Diperkirakan, jongot adalah kawasan hutan konservasi yang dikembangkan masyarakat Penukal.
“Ini dilakukan karena sedikitnya daratan dibandingkan lahan basah di Penukal. Perkiraan kami, jongot dikembangkan awal abad ke-20, ketika pemerintahan Hindia Belanda mengembangkan perkebunan karet, atau jauh sebelumnya di masa Kesultanan Palembang yang mengembangkan perkebunan lada dan kemenyan,” jelasnya.
Berdasarkan pantauan Mongabay Indonesia, keberadaan jongot seperti kelekak di Kepulauan Bangka Belitung. Sebuah konservasi hutan dengan menanam berbagai tanaman hutan.
Dr. Edwin Martin, Peneliti Ekologi Sosial, Pusat Riset Masyarakat dan Budaya BRIN (Badan Riset dan Inovasi Nasional), mengatakan jongot adalah agroforestry yang dikembangkan sejumlah masyarakat adat di Sumatera Selatan. Misalnya, ghepangan di Semende, kampungan di Enim, dan benuaran di Kabupaten Empat Lawang.
“Fungsinya, sebagai sumber pangan pendukung atau alternatif pangan pokok. Bedanya dengan kebun monokultur, kebun buahan hutan ini tidak dirawat sepanjang waktu. Hanya saat panen, sehingga menyerupai ekosistem hutan,” terangnya, Kamis (30/1/2025).

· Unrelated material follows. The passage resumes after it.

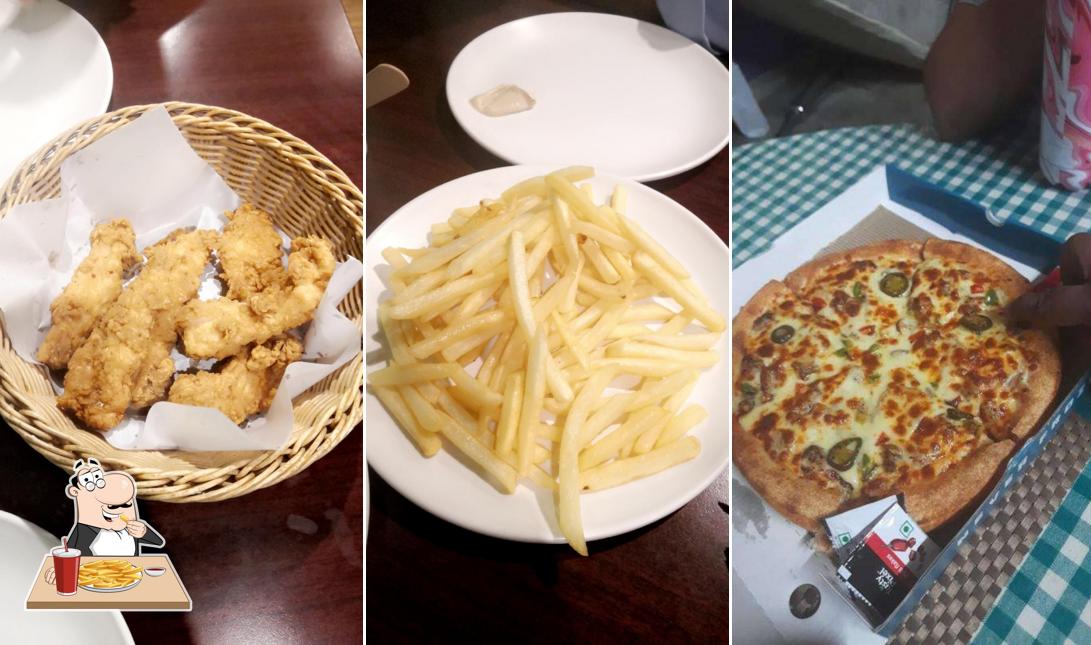 French fries at Pappa's Pizza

Hampir semua masyarakat yang mengembangkan kebun buah hutan adalah masyarakat yang memiliki kebun komoditas, seperti karet, lada, dan damar.
“Kebun buah hutan diposisikan sebagai antara sawah (ladang), sumber pangan pokok dan sumber penghasilan atau pendapatan.”
Handoyo, peneliti dari Pusat Riset Kependudukan BRIN, menyatakan terlepas pemahaman keilmuannya, jongot adalah hutan konservasi, hutan lindung, atau agroforestry.
“ Yang jelas, jongot itu adalah cara masyarakat adat menjaga lingkungannya agar tetap sesuai yang mereka inginkan,” paparnya.